*** Task material ***
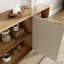 Buffet Mid-Century géométrique en bois avec rangement polyvalent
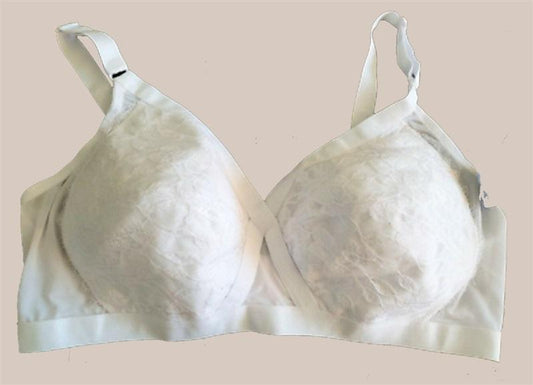 NWOT Plusform 46C Instant Shaping 1685 Lace Cotton Blend No Wire Bra 94581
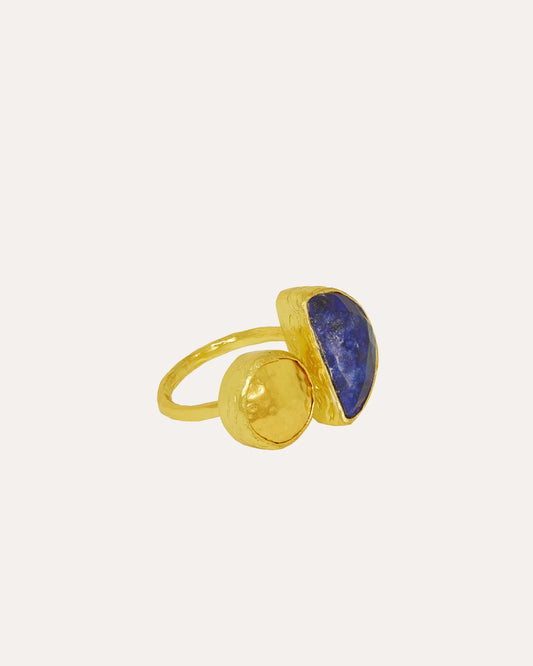 Ring Mina Lapis Cocktail Ring
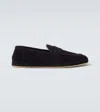 Brunello Cucinelli Suede Penny Loafers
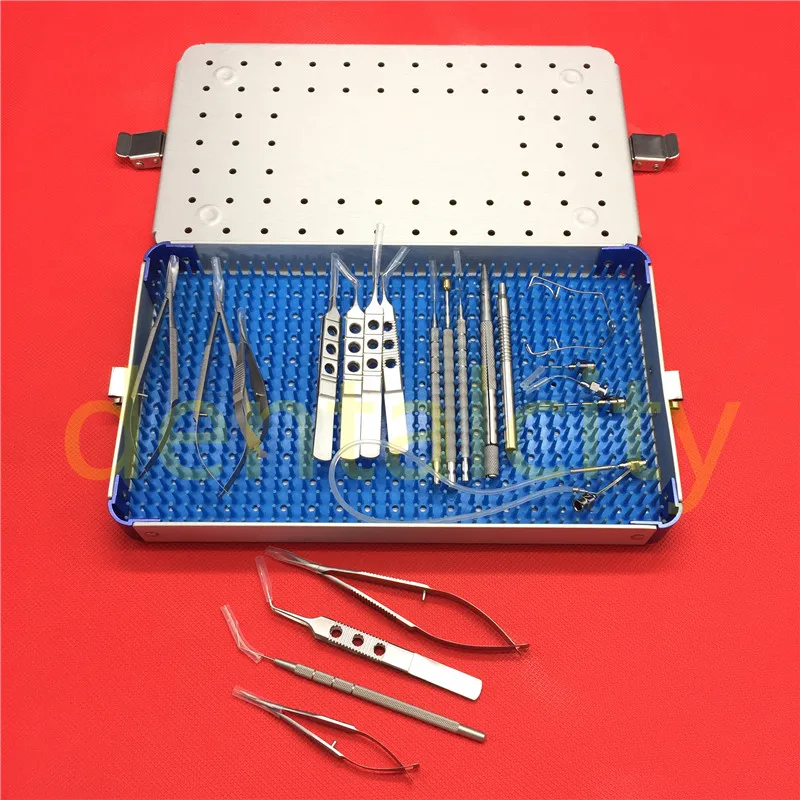 1Set Ophthalmic Cataract Eye Micro Surgery Surgical Instruments with case box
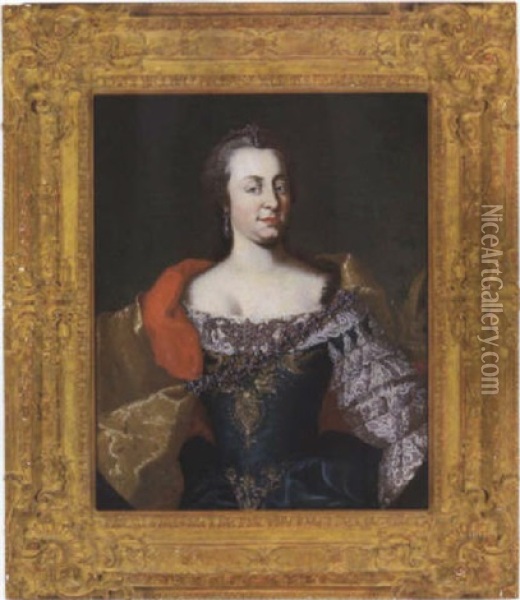 Kaiserin Maria Theresia Oil Painting - Martin van Meytens the Younger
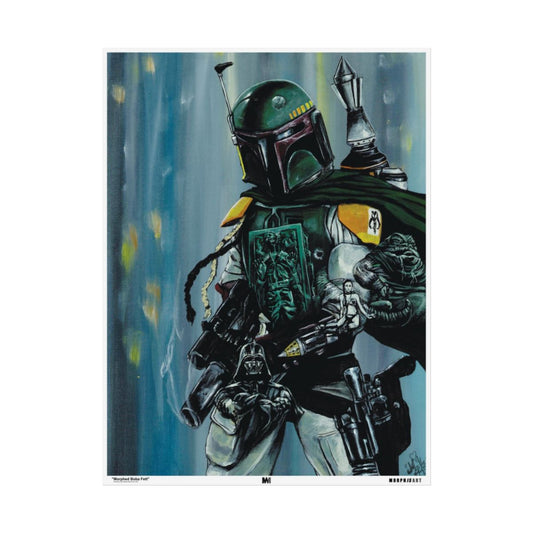 Morphed Boba Fett poster front view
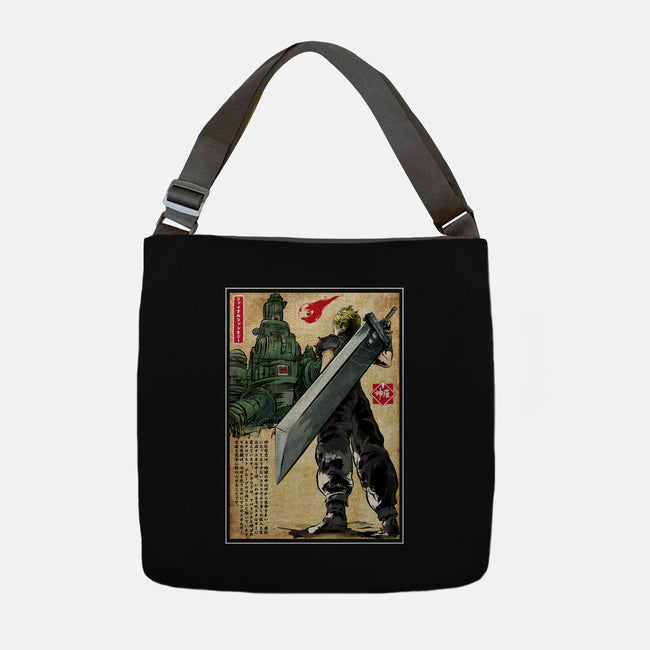 Welcome Back To Midgar-none adjustable tote bag-DrMonekers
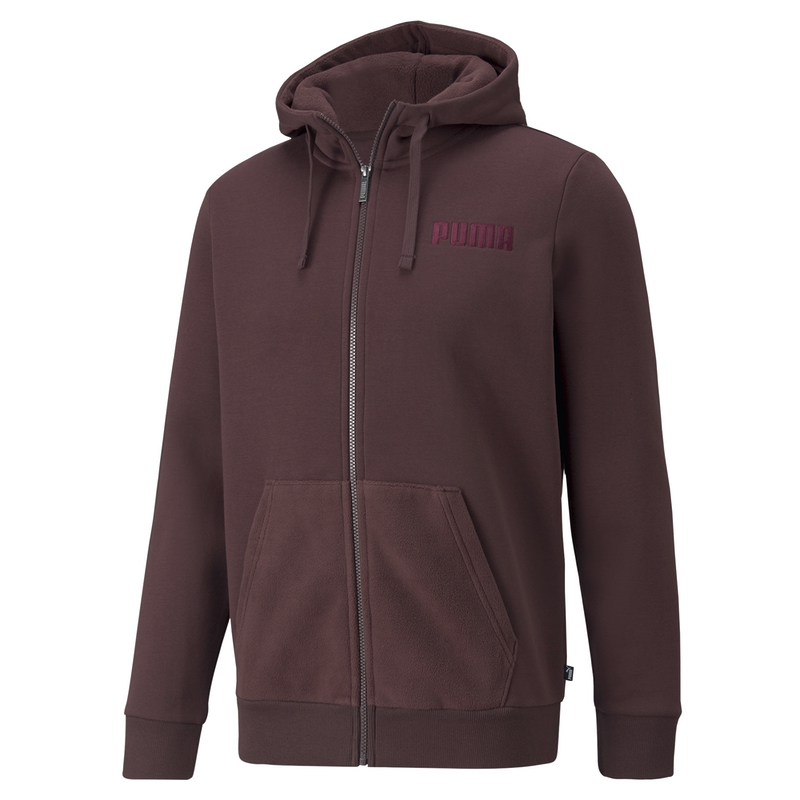 Bluza puma modern basics polarfleece fz hoodie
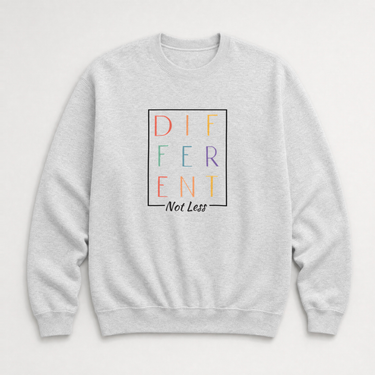 Different Not Less Sweatshirt Ash sweatshirt, front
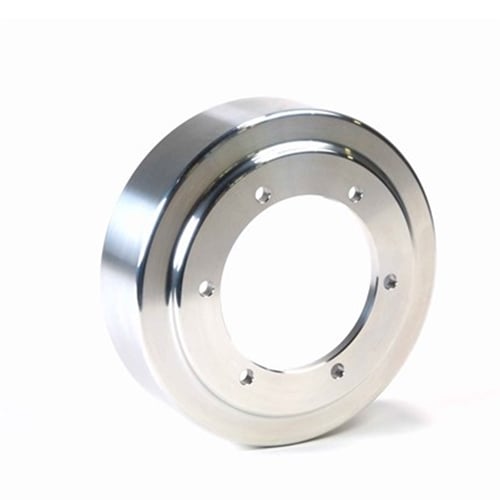 Fleece Fan Drive Pulley Bare Aluminum Finish for 13-18 Ram 6.7L Cummins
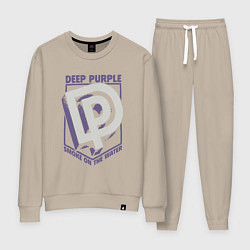 Костюм хлопковый женский Deep Purple: Smoke on the water, цвет: миндальный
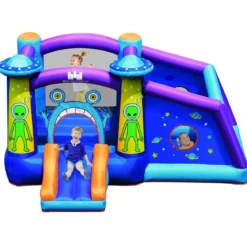 Alien Hüpfburg aufblasbar Springburg Hüpfschloss Rutsche Spielburg 331x258x178cm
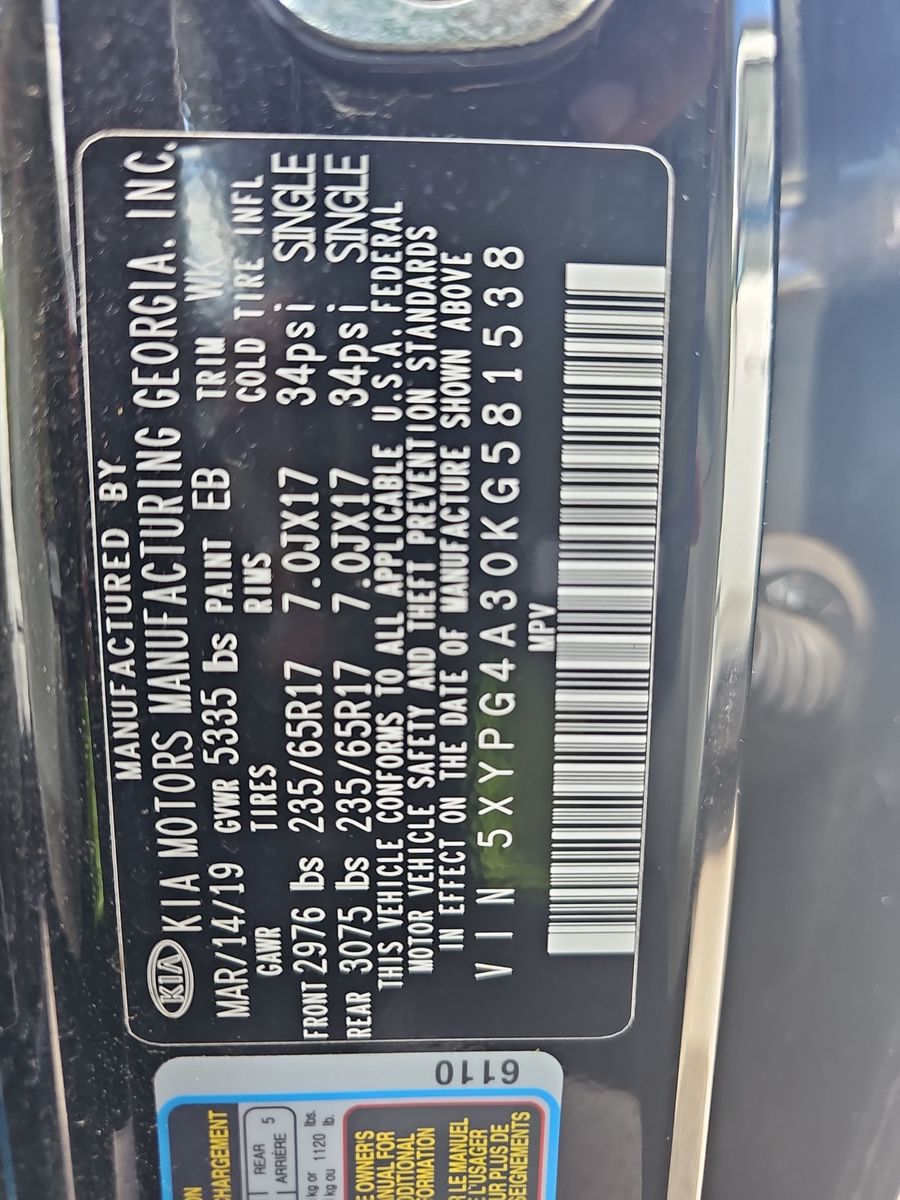 2019 Kia Sorento L FWD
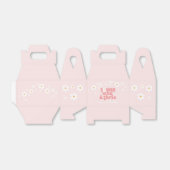 Retro Young Wild Three Roze Daisy Favor Box Bedankdoosjes (Uitgevouwen)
***
**Work required**
Look through the listing above for the line with "Brunello Cucinelli Suede Penny Loafers" and the line with "Different Not Less". Write out exactly those lines and everything between, leaving out pictures.

**Result**
 Brunello Cucinelli Suede Penny Loafers
 1Set Ophthalmic Cataract Eye Micro Surgery Surgical Instruments with case box
 Kaiserin Maria Theresia Oil Painting - Martin van Meytens the Younger
 Morphed Boba Fett poster front view
 Welcome Back To Midgar-none adjustable tote bag-DrMonekers
 Bluza puma modern basics polarfleece fz hoodie
 Different Not Less Sweatshirt Ash sweatshirt, front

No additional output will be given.